The problem is that the Ubuntu installer isn't fully capable of handling EFI machines. (You've either used an older version of Ubuntu, or a modern, but not 64-bit, version of Ubuntu.) So you have an installation of GRUB that expects old PC/AT-style firmware. GRUB is installed in a specially marked partition (with an invalid GUID) because you have an EFI-partitioned hard disc. But the actual firmware that GRUB is expecting to be running on top of is old PC/AT firmware — i.e. your Macintosh bootstrapped with the compatibility support module enabled.

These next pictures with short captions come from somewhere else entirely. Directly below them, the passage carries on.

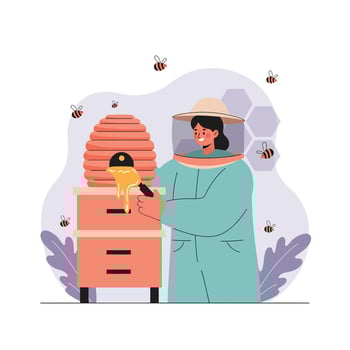Female beekeeper harvesting golden honey from beehive with flying bees in protective suit illustration vector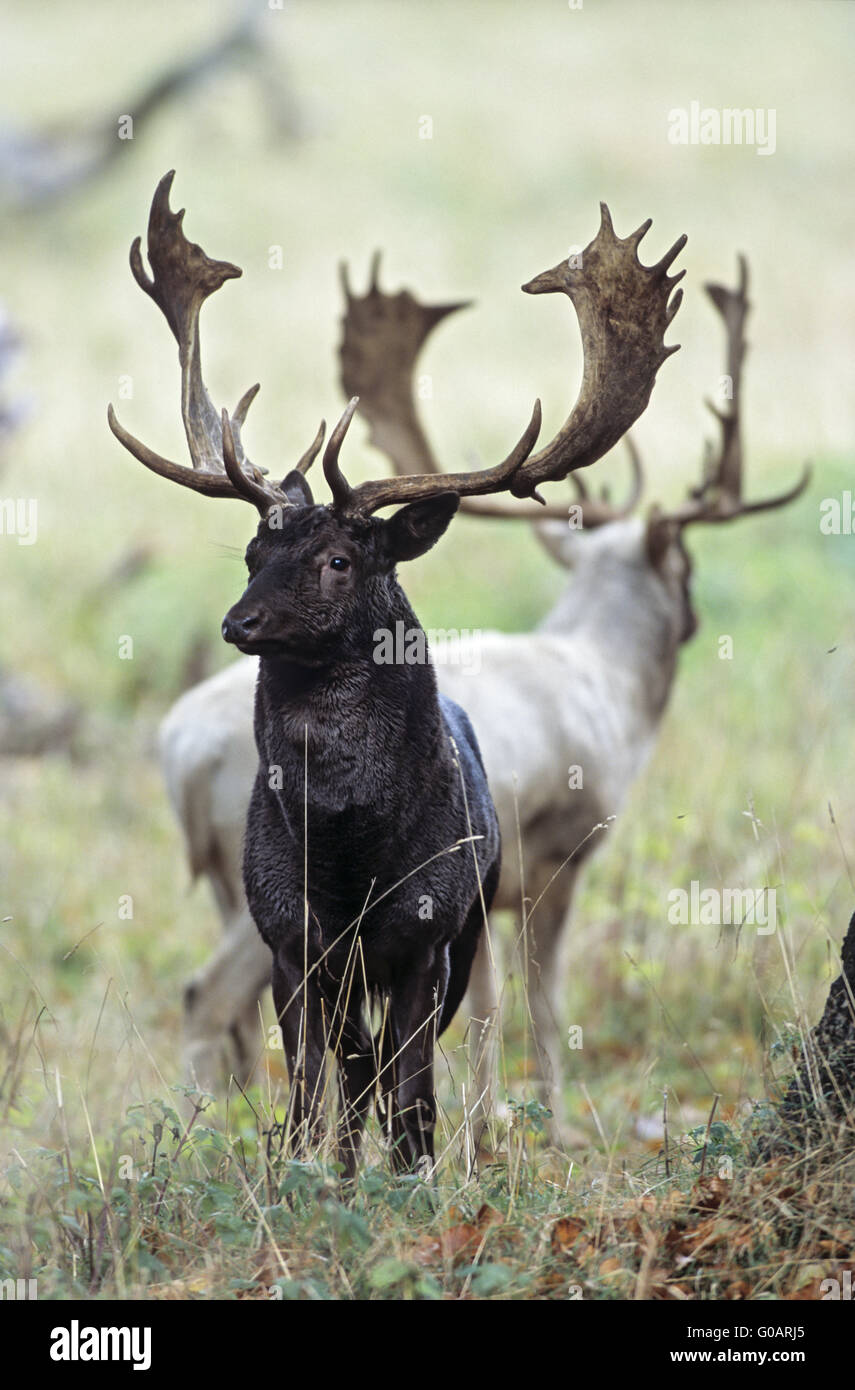 Black 2024 fallow deer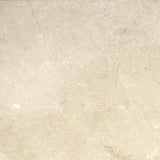 Emser MARBLE Crema Marfil Plus 24-in x 24-in Polished Natural Stone Marble Stone Look Tile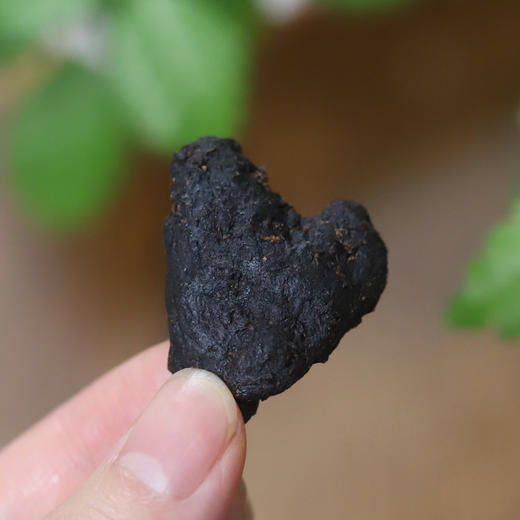 九蒸九晒野黄精 | 合作农友生产，产自广东连南瑶族自治县，生产者：张运东 &【公平贸易农人定价】 商品图1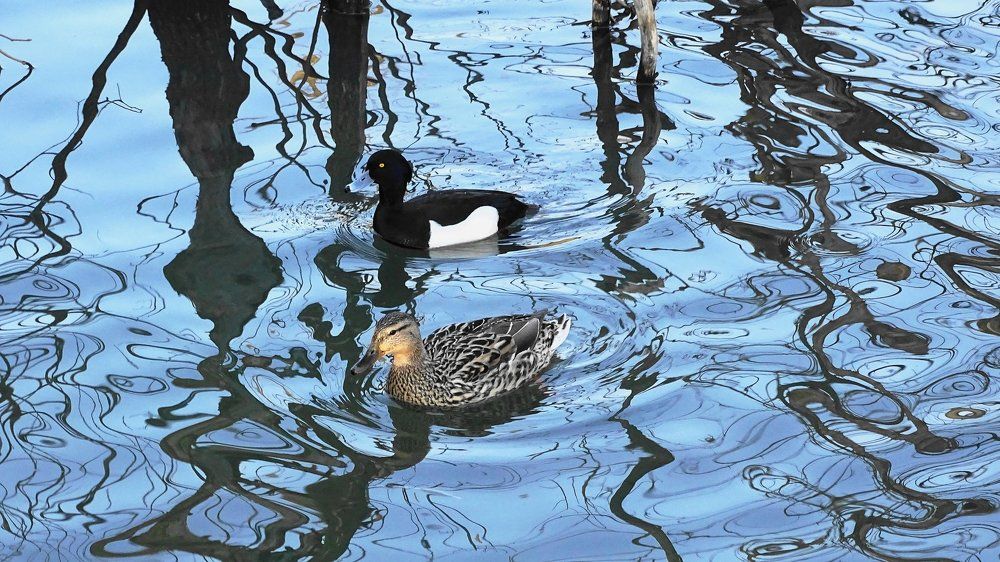 Странная пара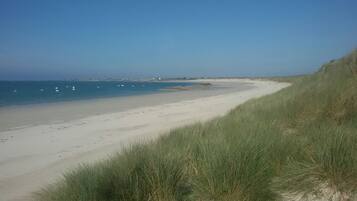 Plage, chaises longues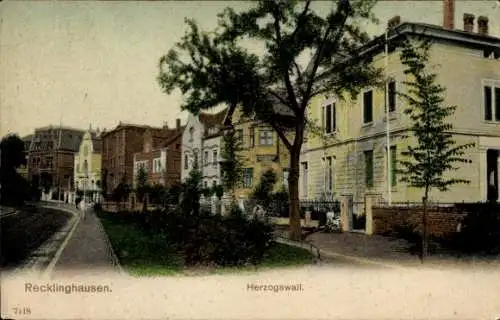 Ak Recklinghausen im Ruhrgebiet, Herzogswall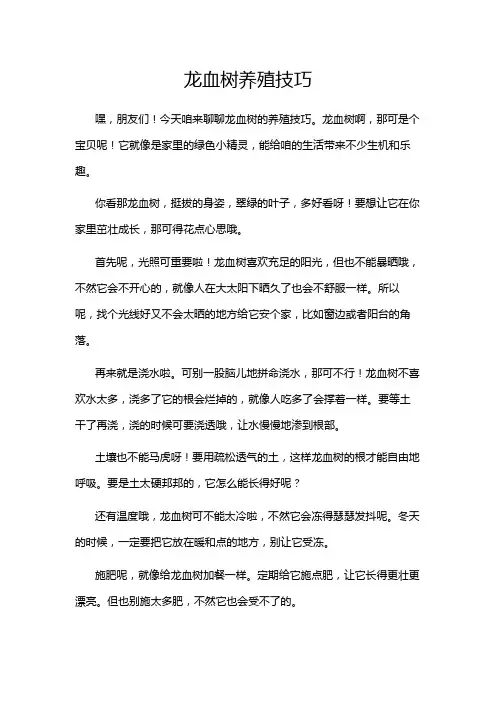 龙血树养殖技巧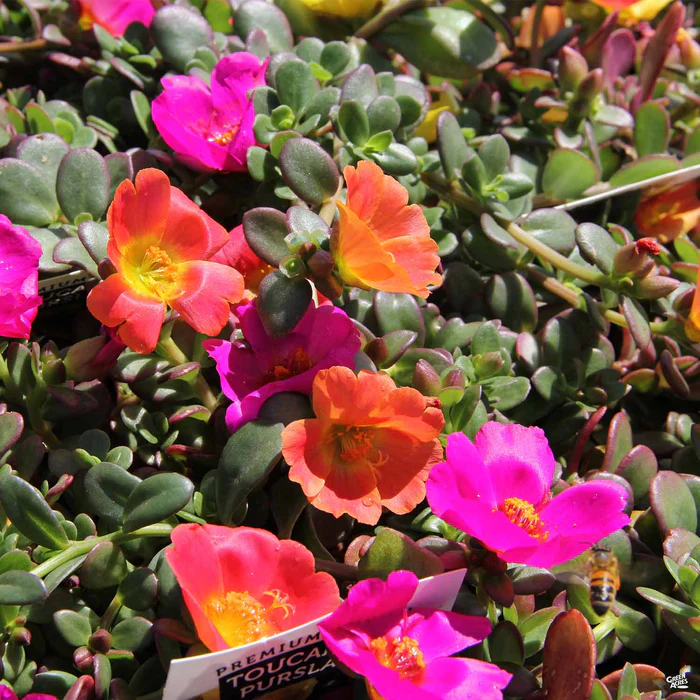 3738-purslane-1.webp Purslane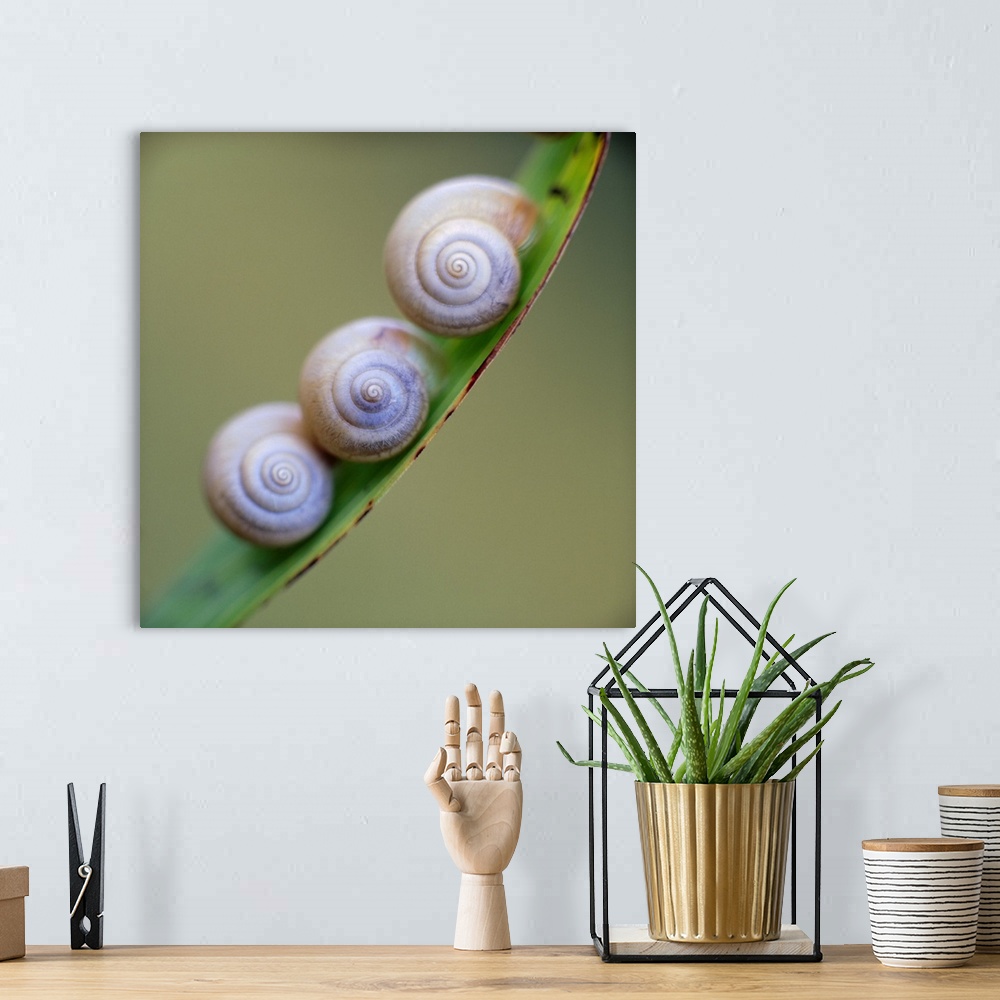 A bohemian room featuring Snails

This is a fairly daft way to use GRUB, since there exists a version of GRUB that can be a proper EFI boot application, and that therefore lives in one's EFI System Partition as an ordinary file, just like ordinary EFI boot applications do, without requiring extra partitions with invalid GUIDs.

It's non-trivial, and beyond the scope of this answer, to switch from your old PC/AT GRUB to EFI GRUB. Go and see what Rod Smith has to say on the subject for that. But once you have, the GRUB for PC/AT Boot Partition can be removed, allowing you to then move your other partitions around once more.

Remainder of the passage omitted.